The staff told the council there was nothing they could have done as the home’s architecture complied with the district bylaws. Planning staff are only required to check the plan for compliance with bylaws. There is no mechanism for them to restrict development based on mere style and architecture.
Frits de Vries, the architect of the Lawson Avenue home, said it had been designed to meet the client’s requirement, as regulated by the bylaws.
“The design provides views from the east neighbour over our client’s front yard, and provides privacy to the neighbour. The design of this house may be not be appreciated by some, and may be liked by others. West Vancouver would need to review and revise its zoning schedules if the bylaws do not reflect what the community and council wants,” Vries said.
Vries said the City of Vancouver has its own charter expanding their authority to impose design guidelines, but many owners don’t like that as it means a house designed by planning department and the neighbourhood. West Vancouver’s British Properties, however, controls form and character of home design as their Design Guidelines are attached to the title of each lot as a condition of sale.
Councillor Christine Cassidy won’t buy it. “If I had a look at those plans and that home and those streets and most of the other things being built in West Vancouver, I would have a good solid word with that architect, saying ‘this ain’t happening’. That wall is absolutely unbelievable to comprehend that that anyone with any semblance or good taste and common sense and courtesy towards neighbours would have built such monstrosity. It’s terrible,” she said.
When Mayor Smith asked her to be careful with her words, she said she stood by them. “I’m welcome to my opinion and I stand by it.”
Mayor Michael Smith said if this was a commercial building, the developer would have to follow design guidelines but there is no local government regulation that could dictate design for single-family homes.
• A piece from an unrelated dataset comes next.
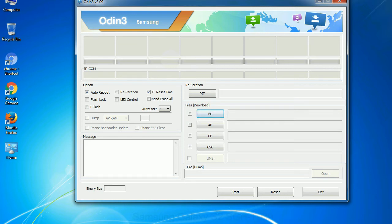Phone: It refers to baseband and modem version. CSC - Consumer Software Customization: Click this button and select the CSC file.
Councillor Nora Gambioli reminded the council of a lost opportunity to do just that. She said a few years ago, staff had in fact brought forward a proposal that would give the planning some say to regulating the neighbourhood form and character.
“I and councillor Cassidy were the ones who voted to change those bylaws. I was booed by the audience…developers, realtors and builders who were out of the way in the foyers. The problems was that average citizens were not there that day and there was not enough support in the council to say we need to change the bylaws,” she said.
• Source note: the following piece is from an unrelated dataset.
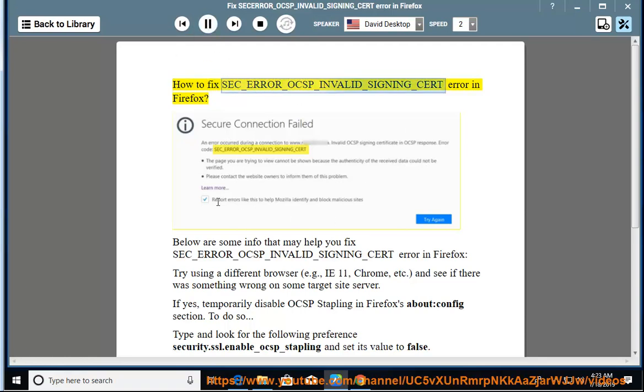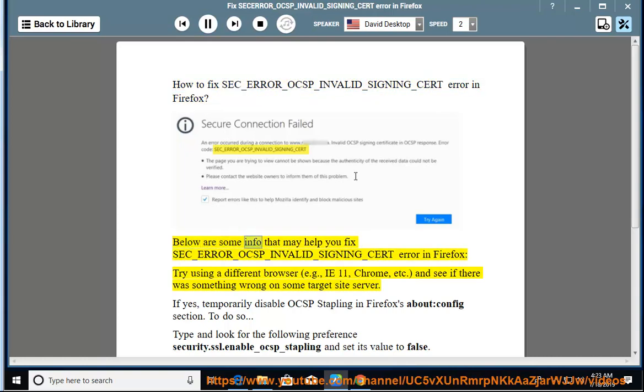How to fix SEC_ERROR_OCSP_INVALID_SIGNING_CERT error in Firefox. Below are some info that may help you fix SEC_ERROR_OCSP_INVALID_SIGNING_CERT error in Firefox.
Councillor Cassidy, too, said district officials had brought forward changes to the bylaw that addressed form and neighbourhood character a few years ago, and the council wouldn’t be discussing the wall had they supported the changes.
Councillor Craig Cameron said there is a need to look forward rather than casting aspersions on each other. “It’s very easy to make grandiose political statements about this house but reality is it complies with our laws and council and staff can’t act against our own bylaws. The reality is 2.5 years ago staff brought proposals on limiting house size and what can be built and there was a great hue and cry and we voted against stricter laws against. I didn’t support it because I thought it would be some unintended consequences, but make no mistake. For every person in this community that thinks laws should be restrictive, you can find others who think they can build what they want,” he said.
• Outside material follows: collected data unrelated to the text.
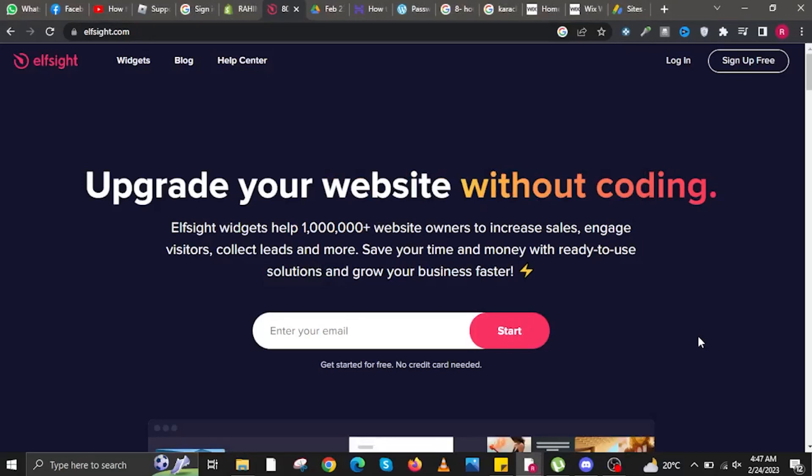Hi guys, and welcome back to How to Maximize. For today's video, I will show you how to add a countdown timer to Shopify.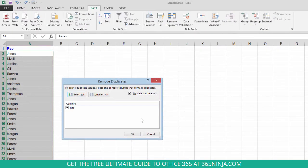Now I only have one column so I don't really have much to worry about in this window. I am going to keep the box checked that says my data has headers so that header in row 1 won't be counted.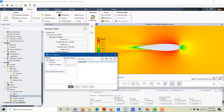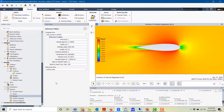We can look at the lift coefficient by changing the direction vector. Let's compute that — the lift coefficient is 0.0016. Thank you for watching.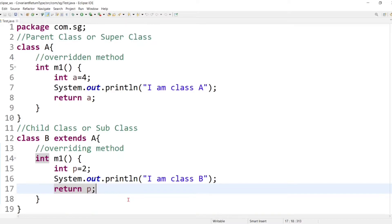If we change the return type, method name, or parameters of the overriding method, the compiler will raise an error. However, from Java version 5 onward, it is possible to change the return type of the overriding method. Before JDK 5 this was not possible, but Java version 5 onwards added a new rule: we can change the return type of the overriding method — but there are some restrictions and conditions involved.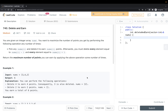Hi guys, welcome! Today we are going to solve Delete and Earn, taken from the LeetCode daily challenge. You are given an integer array nums and you want to maximize the number of points you get by performing the following operation any number of times: you pick any number in the array, delete it, and earn that number in points. Afterwards, you delete every element equal to that number minus one or plus one.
Councillor Bill Soprovich called the bylaw brought by the staff a few years ago a double-edged sword. “On one side we had residents saying keep out of my property and don’t tell me what to do, and on the other side was the monster home situation and people wanting us to do something about it,” he said.
This week, the council has struck a working group that will brainstorm ideas on the form and character of homes in West Vancouver and bring back recommendations on how to best deal with the issue that seems to pit neighbour against neighbour.